TASK ITEM: Return every record below exactly as written, but leave out the pictures.

Stored data

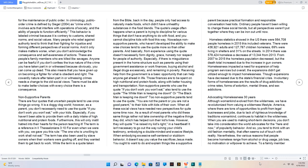Non-supportive parents. There are four quotes that uncertain people tend to use once things go wrong. It is a dog-eat-dog world. However, as a parent, you don't necessarily need to use the quote 'if you don't work you won't eat' with your kids, especially if you haven't been able to provide them with a daily intake of high nutritional and protein foods. Furthermore, this will only instill hatred into their hearts for the person teaching it. The term is a reference in 2 Thessalonians 3:10, 'For even when we were with you, we gave you this rule: the one who is unwilling to work shall not eat.' The term has also been used by slave owners when their workers were goofing off. While the term is a quote taken from the Bible, back in the day, people only had access to naturally made foods. Nowadays, non-supportive parents who haven't developed the ability to make wise choices tend to use the quote more so than other parents.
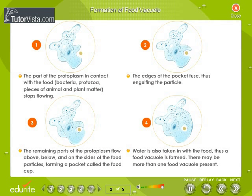Formation of Food Vacuole. The food particles include bacteria, protozoa, pieces of animal and plant matter. The part of the protoplasm in contact with the food stops flowing. The remaining parts of the protoplasm flow above, below and on the sides of the food particles, forming a pocket called the food cup.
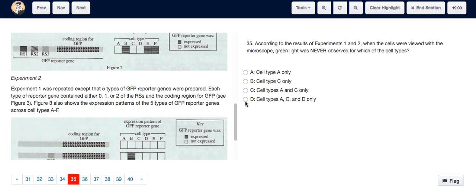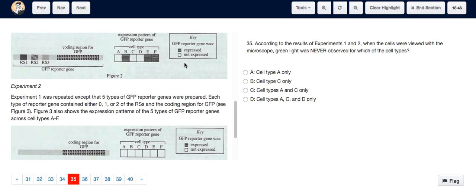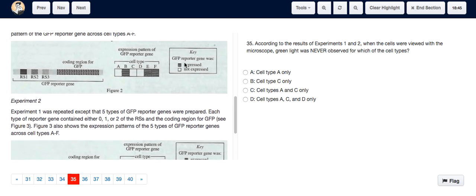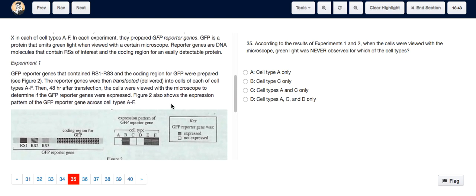When the cells are viewed with a microscope and green light is observed, that means the GFP reporter gene was expressed. So basically, when this question asks us which cells were the ones in which green light was never observed, it's asking us which are the cells in which the GFP reporter gene was never expressed.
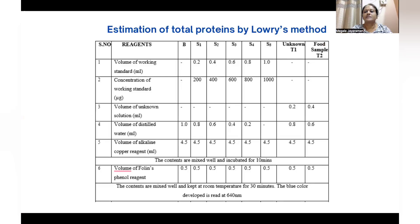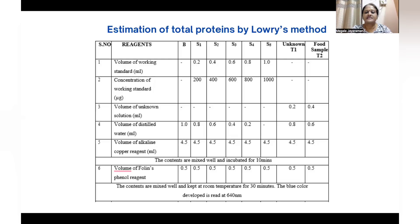Estimation of total protein by Lowry's method involves the following table. It is best for the viewers to make such a table before starting the experiment. The details in the table include: volume of working standard, volume of unknown solution, volume of distilled water, volume of alkaline copper reagent, and volume of Folin-phenol. The contents are mixed well and kept at room temperature for 30 minutes, and the blue color developed is read at 640 nanometers.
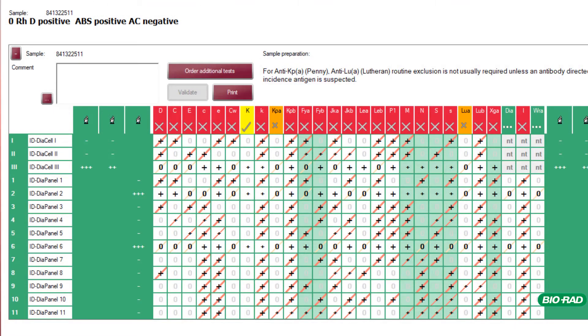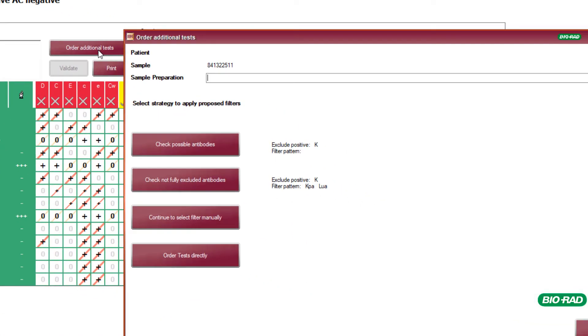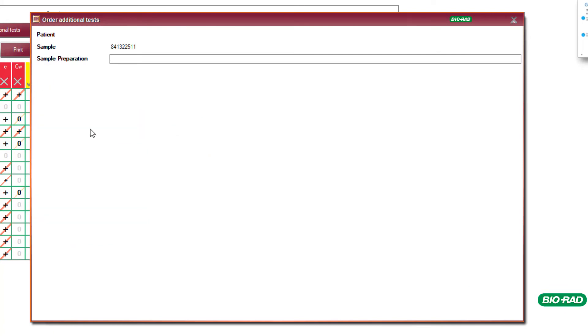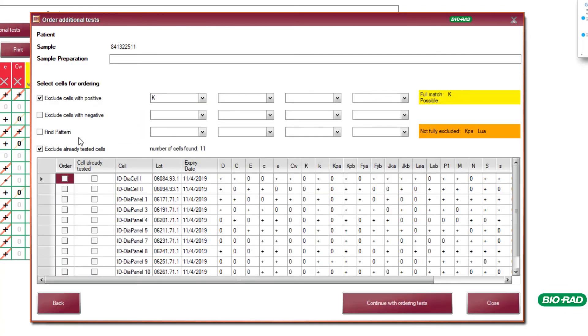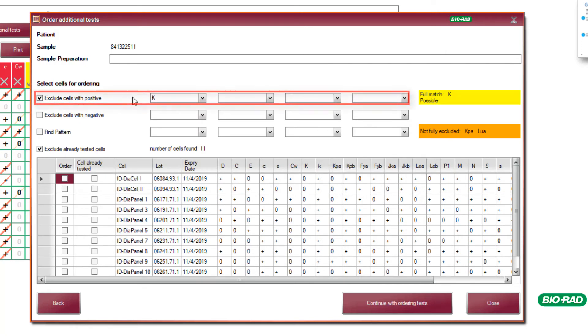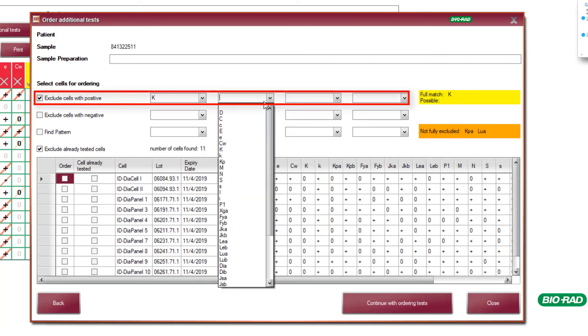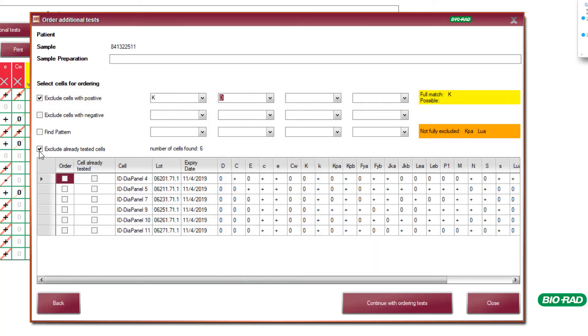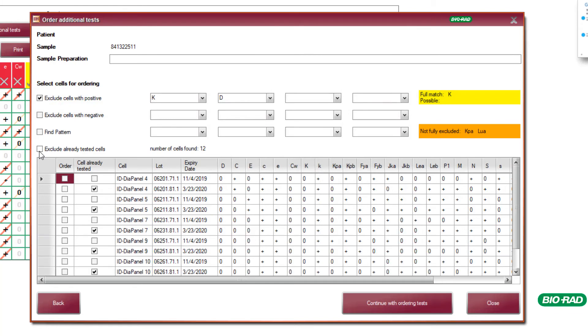The software has a tool for additional testing and further investigation. This tool will allow the user to filter through cells based on user defined criteria. The user will also easily be able to see which cells have already been tested on this patient.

EXERCISE SOLUTION:
Non-supportive parents. There are four quotes that uncertain people tend to use once things go wrong. It is a dog-eat-dog world. However, as a parent, you don't necessarily need to use the quote 'if you don't work you won't eat' with your kids, especially if you haven't been able to provide them with a daily intake of high nutritional and protein foods. Furthermore, this will only instill hatred into their hearts for the person teaching it. The term is a reference in 2 Thessalonians 3:10, 'For even when we were with you, we gave you this rule: the one who is unwilling to work shall not eat.' The term has also been used by slave owners when their workers were goofing off. While the term is a quote taken from the Bible, back in the day, people only had access to naturally made foods. Nowadays, non-supportive parents who haven't developed the ability to make wise choices tend to use the quote more so than other parents.
Formation of Food Vacuole. The food particles include bacteria, protozoa, pieces of animal and plant matter. The part of the protoplasm in contact with the food stops flowing. The remaining parts of the protoplasm flow above, below and on the sides of the food particles, forming a pocket called the food cup.
When the cells are viewed with a microscope and green light is observed, that means the GFP reporter gene was expressed. So basically, when this question asks us which cells were the ones in which green light was never observed, it's asking us which are the cells in which the GFP reporter gene was never expressed.
Estimation of total protein by Lowry's method involves the following table. It is best for the viewers to make such a table before starting the experiment. The details in the table include: volume of working standard, volume of unknown solution, volume of distilled water, volume of alkaline copper reagent, and volume of Folin-phenol. The contents are mixed well and kept at room temperature for 30 minutes, and the blue color developed is read at 640 nanometers.
The software has a tool for additional testing and further investigation. This tool will allow the user to filter through cells based on user defined criteria. The user will also easily be able to see which cells have already been tested on this patient.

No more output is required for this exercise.